Demographic Questions
Do not forget to include questions asking for: Student first name, student last name, student email address, student ID number, period or section.
Tip: Ask for first and last name separately. This allows you sort the spreadsheet alphabetically by last name.
Moving Questions
The question order in a Google Form can be moved around. Click on a question to place it in edit mode. Hover over the top part of the question to reveal some “grippy dots.” Click and hold down on the grippy dots. Drag the question into place. Tip: It is significantly easier to move questions by using Control Shift K.
Live View
Notice at the end of the URL of the Form you are editing it says /edit. DO NOT SHARE THE /EDIT URL with the students. They will not be able to take the quiz.
In the upper right is an eye icon to preview the quiz. This is the live view of the Form. Share this URL with students.
You will notice that the quiz is now formatted nicely since you are no longer in edit view. This is the URL that you distribute to students. I use Control L to highlight the URL. Control C to copy the URL. In Google Classroom I will create an assignment and use the LINK option to link to the live view of the Google Form.
https://docs.google.com/forms/d/1w0cNeKwzwdQfe_WJ_iki5JvH5-0_13W8ROdrZAKR46I/viewform
Send Form Button
Alternatively, you can click on the blue “Send form” button to obtain the sharing link. This pop up window will give you the link to share with students. Check the checkbox for Short Url to create a cleaner link to share. Use Control C to copy the link. You can also obtain the Embed code this way if you want to embed the form into your website.
Spreadsheet of Responses
Google Forms no longer automatically creates a spreadsheet for the Google Form. This must be manually done each time you create a Form. Click on the “Responses” tab and click on the green spreadsheet icon to create or view the spreadsheet.
View Summary of Responses
The new Google Form makes it easier to see a summary of the Form data. Clicking on “Responses” shows the summary of responses.
View Spreadsheet
Click on the green spreadsheet icon under the “Responses” tab to view the spreadsheet.
As students submit the form the answers will populate in the spreadsheet. You can watch the answers roll in.
Summary of responses can be accessed through the “Form” menu in the spreadsheet.

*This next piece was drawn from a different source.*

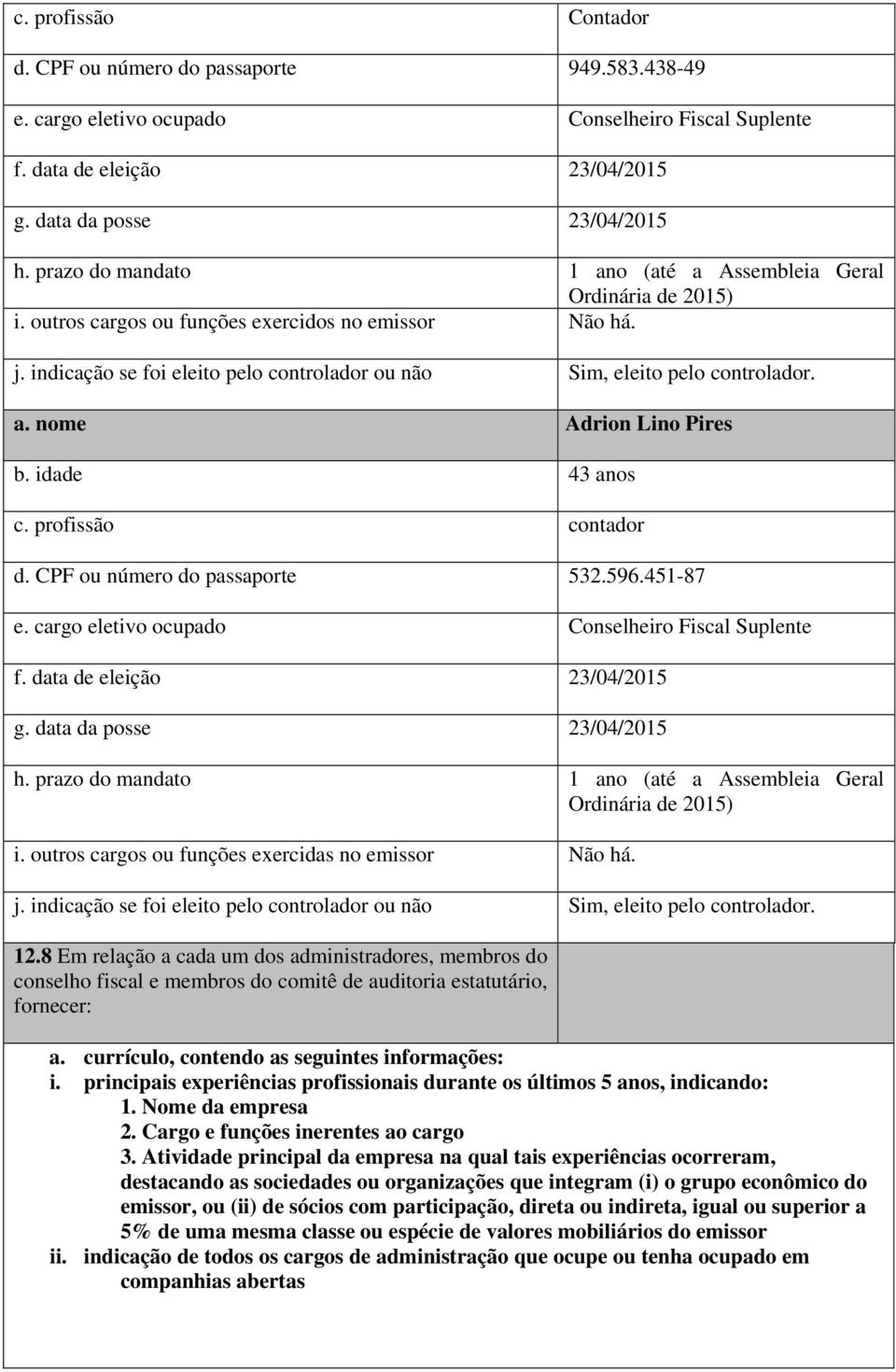 indicação se foi eleito pelo controlador ou não Sim, eleito pelo controlador. a. nome Adrion Lino Pires b. idade 43 anos c. profissão contador d. CPF ou número do passaporte 532.596.451-87 e.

Delete Summary of Responses
Deleting the responses from the Form does NOT remove the answers from the spreadsheet. If you teach multiple sections and want to use the same Google Form for a formative assessment quiz, you will want to go to the EDIT view of the form. Under the “Responses” tab, locate the more options icon (3 dots) and choose
After each period, delete the responses from the Form. Use the summary of responses each period to make decisions on what are your next steps with those students. All student responses from all periods remain in the spreadsheet (if you created one). Information is not lost.
Formative Assessment Tips
My previous blog post on 8 Google Forms Formative Assessment Tips provides some additional tips that will help you to rock giving formative assessments.
4 thoughts on “Google Forms: Creating Formative Assessment Quizzes”
How can I get the students’ responses and corrections sent to the correct teacher? Currently we all use the same form for our test and flubaroo to mark them. The problem with this is that individual teachers need to sort through all of the data to find the correct information and once copied into a new sheet, we need to rework the marking page so that it is only relevant to the class. Is there a way to get a master sheet with all students and then a tab for each class so calculations are done correctly and each teacher will only need to look at their tab?
Try the rowcall add on. Love that you’re working together!
I’ve tried rowcall as you have suggested. It doesn’t work as i need it. Is there a way to select rows where a certain cell equals a value and I can select only those rows and preform multiple calculations on it and if more students reply so more rows are needed, only those rows are added and the calculations are not affected? What exactly is a pivot table and how do they work? Can I use data from a different sheet within the same file?
Put a question or checkbox for tracher’s name and then sort. Share response sheet with teachers.